In what probably should be a pub quiz question if it isn't already, Aliyev is President of Azerbaijan's National Olympic Committee as well as head of state. He has led the country since 2003, succeeding his father Heydar Aliyev, to whom commemorations of what would have been his 100th birthday earlier this month can be seen from Baku right the way from the airport which is named after him through to the Crystal Hall.

Some of the issues raised in the build-up to the European Games are still there. New Zealand's Max Watene has opted not compete at the World Taekwondo Championships due to fears over Azerbaijan's records on LGBTQ+ rights, for example.

My colleague Owen Lloyd ran an excellent blog from the Azerbaijan Formula One Grand Prix last month, which you can read here, examining the extent to which this amounts to "sportswashing".

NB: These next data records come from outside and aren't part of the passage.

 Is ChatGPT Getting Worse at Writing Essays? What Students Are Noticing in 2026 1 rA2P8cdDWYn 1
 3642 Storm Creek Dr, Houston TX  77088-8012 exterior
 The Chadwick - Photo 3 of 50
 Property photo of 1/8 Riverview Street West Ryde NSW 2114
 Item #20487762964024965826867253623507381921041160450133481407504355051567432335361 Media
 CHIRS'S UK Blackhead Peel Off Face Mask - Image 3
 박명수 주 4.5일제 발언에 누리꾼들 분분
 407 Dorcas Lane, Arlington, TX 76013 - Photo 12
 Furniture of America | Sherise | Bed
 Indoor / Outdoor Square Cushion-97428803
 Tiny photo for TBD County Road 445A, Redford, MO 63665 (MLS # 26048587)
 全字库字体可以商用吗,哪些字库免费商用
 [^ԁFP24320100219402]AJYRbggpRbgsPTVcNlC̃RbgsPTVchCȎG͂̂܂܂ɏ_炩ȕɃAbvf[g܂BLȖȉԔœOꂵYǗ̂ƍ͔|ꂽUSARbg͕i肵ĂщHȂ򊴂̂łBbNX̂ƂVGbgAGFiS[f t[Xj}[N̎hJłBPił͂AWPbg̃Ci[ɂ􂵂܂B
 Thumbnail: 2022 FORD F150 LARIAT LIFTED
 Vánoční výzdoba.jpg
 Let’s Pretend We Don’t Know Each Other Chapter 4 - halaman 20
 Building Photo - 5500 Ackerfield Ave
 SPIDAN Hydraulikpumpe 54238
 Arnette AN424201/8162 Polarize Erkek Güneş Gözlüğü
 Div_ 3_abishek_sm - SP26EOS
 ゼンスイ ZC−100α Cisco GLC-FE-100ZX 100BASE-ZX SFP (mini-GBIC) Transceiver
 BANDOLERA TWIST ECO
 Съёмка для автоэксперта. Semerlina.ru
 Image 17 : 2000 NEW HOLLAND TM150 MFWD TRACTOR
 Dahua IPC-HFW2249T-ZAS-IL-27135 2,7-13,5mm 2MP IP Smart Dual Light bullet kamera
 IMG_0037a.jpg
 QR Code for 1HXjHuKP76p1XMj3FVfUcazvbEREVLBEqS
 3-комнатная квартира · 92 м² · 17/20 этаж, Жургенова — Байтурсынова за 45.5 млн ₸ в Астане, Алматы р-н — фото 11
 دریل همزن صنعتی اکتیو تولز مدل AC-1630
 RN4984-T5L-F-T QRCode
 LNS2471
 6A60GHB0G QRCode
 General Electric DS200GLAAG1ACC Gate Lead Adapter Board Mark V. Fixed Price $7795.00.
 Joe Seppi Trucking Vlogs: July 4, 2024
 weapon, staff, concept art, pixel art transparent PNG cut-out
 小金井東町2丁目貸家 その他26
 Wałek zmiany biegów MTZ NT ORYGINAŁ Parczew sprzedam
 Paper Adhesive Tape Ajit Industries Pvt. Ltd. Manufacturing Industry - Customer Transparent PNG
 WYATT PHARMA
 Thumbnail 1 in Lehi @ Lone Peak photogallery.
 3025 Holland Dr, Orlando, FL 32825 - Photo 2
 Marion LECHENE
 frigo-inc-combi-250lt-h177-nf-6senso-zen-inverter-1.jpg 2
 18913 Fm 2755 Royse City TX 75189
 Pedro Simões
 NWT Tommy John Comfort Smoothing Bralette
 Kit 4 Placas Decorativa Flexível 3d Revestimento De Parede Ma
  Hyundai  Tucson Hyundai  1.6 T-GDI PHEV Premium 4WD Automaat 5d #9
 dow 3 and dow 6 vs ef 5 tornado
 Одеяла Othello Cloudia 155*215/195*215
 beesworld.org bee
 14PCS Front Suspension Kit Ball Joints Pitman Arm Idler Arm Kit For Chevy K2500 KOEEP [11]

Yet off the back of welcoming Europe for Eurovision and the European Games, Azerbaijan is firmly on the sporting map.

The European Games, whose branding can still be seen in parts of Baku, has delivered facilities that are there to be used and set a precedent which has put the city on a one-way street to becoming a major sports destination.

It wants more too, with Minister of Youth and Sports of Azerbaijan Farid Gayibov telling insidethegames last week Azerbaijan is contemplating a bid for the 2031 International University Sports Federation Summer World University Games and "always interested" in multi-sports events.

The Baku 2015 European Games has proved a catalyst for further sports events in Azerbaijan's capital ©Getty Images
The Baku 2015 European Games has proved a catalyst for further sports events in Azerbaijan's capital ©Getty Images

"It is good for sports in the country but also brings a lot of tourists," Gayibov said.

"Our volunteers are benefitting a lot.

"They have been able to travel outside for events as well after gaining experience from the home events."

Azerbaijan is not the only country to set the ball rolling to becoming a trusted host for sports through staging a mega event.

The Qatar 2022 FIFA World Cup initially looked as though it might prove an exception to the norm in failing to boost the nation's profile, such was the furore over the disputed awarding of the tournament in 2010 and concerns over the host's human rights record, including its treatment of migrant workers on projects for the event.

FIFA President Gianni Infantino only seemed to throw fuel on the already roaring fire with his sensational for all the wrong reasons "today I feel…" press conference on the eve of the World Cup, as did the controversy surrounding the OneLove armbands.

The Qatar 2022 FIFA World Cup has provided a prime example of the boost to a host nation's sporting reputation by staging a mega event ©Getty Images
The Qatar 2022 FIFA World Cup has provided a prime example of the boost to a host nation's sporting reputation by staging a mega event ©Getty Images

Yet once a few entertaining football matches were played in Qatar, including what many viewed as the greatest final of all time and the crowning moment of Argentinian star Lionel Messi's career, those issues gradually slipped discourse.

Constructing seven new stadiums in and around Doha was suddenly transformed from a costly project which for many epitomised the greed of modern football into a well-thought out concept which, we were told, suited fans well because of the short distances between venues and served the interests of "sustainability" by cutting down travel.

Any doubts over Qatar 2022's impact for the host nation were allayed when the country was awarded the men's Basketball World Cup for 2027 last month. Even more remarkably, suggestions it could step into to replace France for the 2025 Rugby League World Cup do not appear as far-fetched as they would have been pre-FIFA World Cup.

Another one you can file alongside the Russia 2018 FIFA World Cup and Beijing 2008 Olympics and Paralympics in successfully promoting a controversial host to the world of sport and ultimately serving to improve perceptions.

Hosting sports events should not be gatekept by a small number of suitable countries, of course, but organisers of mega multi-sport events or the World Cup should be left in doubt of the impact of their allocations in years to come.